Crane looked in at the child.

Brucie was adorable, but it wasn’t hard to see why Mary Beth had been disturbed about the boy.

He didn’t have any hands.

Chapter Five

The street light on her block was out, but there were lights on in the downstairs of the big white two-story house. It was a gothic-looking structure with no porch and paint just beginning to peel. There were trees on either side of the place and the overall effect was rather gloomy. He knocked on the door.

He put his hands in his pockets and waited.
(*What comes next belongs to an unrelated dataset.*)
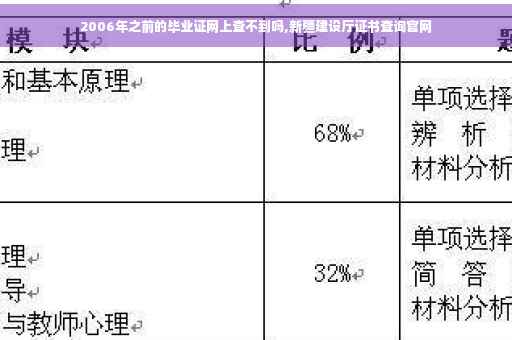 2006年之前的毕业证网上查不到吗,新疆建设厅证书查询官网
It was a cool evening; perhaps he should’ve stopped back at the motel for his jacket. There was no sound except the crickets. No sound from within the house, either. He knocked again.

Finally a muffled voice behind the door, Boone’s voice, said, “Who is it?”

And he felt another wave of embarrassment, like he had outside the church, after the funeral, and he couldn’t bring himself to say anything. He turned to go.

He heard the door open behind him. Then: “Oh. It’s you.”

He turned and she was still in the plaid shirt and jeans, her blonde hair pinned back, pulled away from her face, and it was a good strong face with hard cheekbones but very pretty. Her expression, though, was cold, condescending, and it pissed him off.

His face felt tight as he said, “What did you mean?”

“What?”

“What did you mean by saying Mary Beth didn’t kill herself?”